| What is expected |
Please return the lines below verbatim, beginning at the one that has "Motorola Talkabout T600" and stopping after the one that has "Plug (feat. Trem", and add no other lines.

* * * * * * *

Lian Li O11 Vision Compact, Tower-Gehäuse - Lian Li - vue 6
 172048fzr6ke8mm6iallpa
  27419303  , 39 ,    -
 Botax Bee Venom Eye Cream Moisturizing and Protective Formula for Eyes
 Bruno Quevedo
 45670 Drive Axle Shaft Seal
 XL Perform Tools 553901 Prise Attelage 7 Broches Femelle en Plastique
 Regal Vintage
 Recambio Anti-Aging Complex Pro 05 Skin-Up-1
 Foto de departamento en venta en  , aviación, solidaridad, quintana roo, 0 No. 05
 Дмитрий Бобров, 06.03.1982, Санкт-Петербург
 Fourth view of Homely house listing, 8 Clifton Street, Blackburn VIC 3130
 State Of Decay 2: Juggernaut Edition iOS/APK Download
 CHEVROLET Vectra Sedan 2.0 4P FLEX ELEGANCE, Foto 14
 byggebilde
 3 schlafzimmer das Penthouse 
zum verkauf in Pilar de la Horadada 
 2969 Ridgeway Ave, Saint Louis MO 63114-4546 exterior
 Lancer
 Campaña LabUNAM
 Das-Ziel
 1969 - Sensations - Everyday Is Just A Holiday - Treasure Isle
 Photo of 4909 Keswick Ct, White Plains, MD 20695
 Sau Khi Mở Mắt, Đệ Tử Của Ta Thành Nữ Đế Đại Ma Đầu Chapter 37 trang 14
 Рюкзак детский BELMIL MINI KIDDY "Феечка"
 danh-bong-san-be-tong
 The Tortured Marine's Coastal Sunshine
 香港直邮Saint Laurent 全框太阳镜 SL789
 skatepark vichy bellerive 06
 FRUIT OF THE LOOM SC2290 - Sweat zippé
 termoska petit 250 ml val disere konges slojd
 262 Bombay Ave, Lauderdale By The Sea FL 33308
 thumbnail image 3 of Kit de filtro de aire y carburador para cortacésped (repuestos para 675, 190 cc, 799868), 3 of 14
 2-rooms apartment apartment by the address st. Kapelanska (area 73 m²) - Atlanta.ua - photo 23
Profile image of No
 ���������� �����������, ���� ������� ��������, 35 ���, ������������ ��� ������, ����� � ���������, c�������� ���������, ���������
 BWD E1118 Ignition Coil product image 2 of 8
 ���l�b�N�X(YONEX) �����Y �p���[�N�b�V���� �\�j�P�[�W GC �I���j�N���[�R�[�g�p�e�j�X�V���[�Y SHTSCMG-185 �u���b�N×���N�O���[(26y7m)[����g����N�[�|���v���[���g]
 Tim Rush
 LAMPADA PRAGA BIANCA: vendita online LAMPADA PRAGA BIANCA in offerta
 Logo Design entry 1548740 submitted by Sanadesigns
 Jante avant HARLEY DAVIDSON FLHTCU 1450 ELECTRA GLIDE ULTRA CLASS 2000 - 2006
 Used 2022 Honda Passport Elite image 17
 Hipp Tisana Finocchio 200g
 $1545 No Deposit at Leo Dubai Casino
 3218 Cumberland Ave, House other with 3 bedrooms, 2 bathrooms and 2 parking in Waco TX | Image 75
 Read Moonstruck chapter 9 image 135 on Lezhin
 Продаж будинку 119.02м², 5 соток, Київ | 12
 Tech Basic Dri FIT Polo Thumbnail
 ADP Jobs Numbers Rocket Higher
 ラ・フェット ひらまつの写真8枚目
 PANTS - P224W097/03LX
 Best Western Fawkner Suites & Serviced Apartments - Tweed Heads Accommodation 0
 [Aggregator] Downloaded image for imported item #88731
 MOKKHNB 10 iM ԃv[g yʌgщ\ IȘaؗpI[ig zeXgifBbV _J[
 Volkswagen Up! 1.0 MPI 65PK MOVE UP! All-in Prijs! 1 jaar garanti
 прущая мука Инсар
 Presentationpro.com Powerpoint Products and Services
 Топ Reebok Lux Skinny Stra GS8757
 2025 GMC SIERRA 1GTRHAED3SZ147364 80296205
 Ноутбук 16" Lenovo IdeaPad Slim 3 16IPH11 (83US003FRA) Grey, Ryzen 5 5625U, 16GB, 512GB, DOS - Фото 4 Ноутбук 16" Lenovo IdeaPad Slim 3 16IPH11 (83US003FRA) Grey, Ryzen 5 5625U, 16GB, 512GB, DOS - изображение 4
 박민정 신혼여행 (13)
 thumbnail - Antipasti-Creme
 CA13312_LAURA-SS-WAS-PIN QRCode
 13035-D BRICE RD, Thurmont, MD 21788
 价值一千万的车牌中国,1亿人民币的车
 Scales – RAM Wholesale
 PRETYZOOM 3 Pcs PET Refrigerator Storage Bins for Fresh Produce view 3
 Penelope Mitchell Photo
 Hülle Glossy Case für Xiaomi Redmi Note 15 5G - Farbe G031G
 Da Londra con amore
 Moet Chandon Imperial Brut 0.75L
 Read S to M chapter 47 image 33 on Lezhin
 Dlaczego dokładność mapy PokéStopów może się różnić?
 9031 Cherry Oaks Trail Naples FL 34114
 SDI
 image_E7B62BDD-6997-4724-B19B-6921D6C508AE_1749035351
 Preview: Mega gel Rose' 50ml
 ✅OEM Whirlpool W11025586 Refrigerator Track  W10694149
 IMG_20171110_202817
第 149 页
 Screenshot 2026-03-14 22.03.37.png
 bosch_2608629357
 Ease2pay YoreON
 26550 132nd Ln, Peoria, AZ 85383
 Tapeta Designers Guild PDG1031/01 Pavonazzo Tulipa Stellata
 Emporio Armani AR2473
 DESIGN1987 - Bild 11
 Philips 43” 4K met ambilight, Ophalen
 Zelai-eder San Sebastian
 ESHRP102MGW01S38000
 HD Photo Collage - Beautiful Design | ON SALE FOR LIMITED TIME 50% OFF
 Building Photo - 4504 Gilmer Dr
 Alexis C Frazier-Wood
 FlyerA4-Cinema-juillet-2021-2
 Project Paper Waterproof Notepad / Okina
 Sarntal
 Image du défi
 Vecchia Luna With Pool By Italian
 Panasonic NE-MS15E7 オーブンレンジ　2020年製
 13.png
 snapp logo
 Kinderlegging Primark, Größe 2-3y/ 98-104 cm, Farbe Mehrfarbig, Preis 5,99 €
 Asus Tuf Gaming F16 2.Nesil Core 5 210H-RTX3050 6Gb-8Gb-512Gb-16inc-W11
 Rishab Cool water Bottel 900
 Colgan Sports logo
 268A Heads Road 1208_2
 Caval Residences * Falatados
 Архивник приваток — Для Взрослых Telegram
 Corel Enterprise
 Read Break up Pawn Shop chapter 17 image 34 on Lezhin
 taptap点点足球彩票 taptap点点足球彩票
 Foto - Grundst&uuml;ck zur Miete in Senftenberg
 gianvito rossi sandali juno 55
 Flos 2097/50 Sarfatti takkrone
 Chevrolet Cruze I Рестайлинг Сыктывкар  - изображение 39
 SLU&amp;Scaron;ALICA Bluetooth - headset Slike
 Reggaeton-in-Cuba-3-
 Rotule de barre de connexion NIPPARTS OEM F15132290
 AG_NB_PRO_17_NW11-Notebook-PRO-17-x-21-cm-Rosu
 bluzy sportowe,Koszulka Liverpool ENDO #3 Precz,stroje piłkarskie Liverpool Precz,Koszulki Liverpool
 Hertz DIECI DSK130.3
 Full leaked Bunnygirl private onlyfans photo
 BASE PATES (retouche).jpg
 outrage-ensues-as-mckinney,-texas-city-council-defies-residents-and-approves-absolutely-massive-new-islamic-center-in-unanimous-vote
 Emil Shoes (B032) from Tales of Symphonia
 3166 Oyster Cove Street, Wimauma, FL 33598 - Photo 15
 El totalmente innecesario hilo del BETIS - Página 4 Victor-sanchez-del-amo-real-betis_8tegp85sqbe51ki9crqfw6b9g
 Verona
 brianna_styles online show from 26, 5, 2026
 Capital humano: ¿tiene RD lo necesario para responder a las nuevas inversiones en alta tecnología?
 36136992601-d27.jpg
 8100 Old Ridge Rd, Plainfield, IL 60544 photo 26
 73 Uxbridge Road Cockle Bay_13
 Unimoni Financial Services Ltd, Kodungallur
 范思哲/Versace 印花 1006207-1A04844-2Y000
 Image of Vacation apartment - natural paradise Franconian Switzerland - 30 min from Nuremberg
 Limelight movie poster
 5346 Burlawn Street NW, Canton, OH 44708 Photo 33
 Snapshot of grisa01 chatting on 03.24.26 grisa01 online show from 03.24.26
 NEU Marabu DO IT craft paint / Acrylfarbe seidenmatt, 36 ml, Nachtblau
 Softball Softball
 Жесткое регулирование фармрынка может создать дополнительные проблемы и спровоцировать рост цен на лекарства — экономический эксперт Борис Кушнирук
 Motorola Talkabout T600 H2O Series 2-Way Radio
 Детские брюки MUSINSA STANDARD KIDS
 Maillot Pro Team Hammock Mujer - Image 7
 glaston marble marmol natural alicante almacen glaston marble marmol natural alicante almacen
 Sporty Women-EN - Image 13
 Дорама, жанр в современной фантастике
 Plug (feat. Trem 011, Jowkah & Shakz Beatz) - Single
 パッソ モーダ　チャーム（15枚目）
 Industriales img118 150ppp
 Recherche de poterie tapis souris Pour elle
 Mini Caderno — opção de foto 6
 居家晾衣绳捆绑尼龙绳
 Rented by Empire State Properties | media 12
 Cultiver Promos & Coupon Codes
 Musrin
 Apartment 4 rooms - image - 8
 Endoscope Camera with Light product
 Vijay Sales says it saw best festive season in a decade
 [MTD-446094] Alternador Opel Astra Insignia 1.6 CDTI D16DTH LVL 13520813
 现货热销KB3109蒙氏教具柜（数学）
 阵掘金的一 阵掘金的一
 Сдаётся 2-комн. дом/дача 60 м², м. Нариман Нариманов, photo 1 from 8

* * * * * * *

| Answer box |
 Motorola Talkabout T600 H2O Series 2-Way Radio
 Детские брюки MUSINSA STANDARD KIDS
 Maillot Pro Team Hammock Mujer - Image 7
 glaston marble marmol natural alicante almacen glaston marble marmol natural alicante almacen
 Sporty Women-EN - Image 13
 Дорама, жанр в современной фантастике
 Plug (feat. Trem 011, Jowkah & Shakz Beatz) - Single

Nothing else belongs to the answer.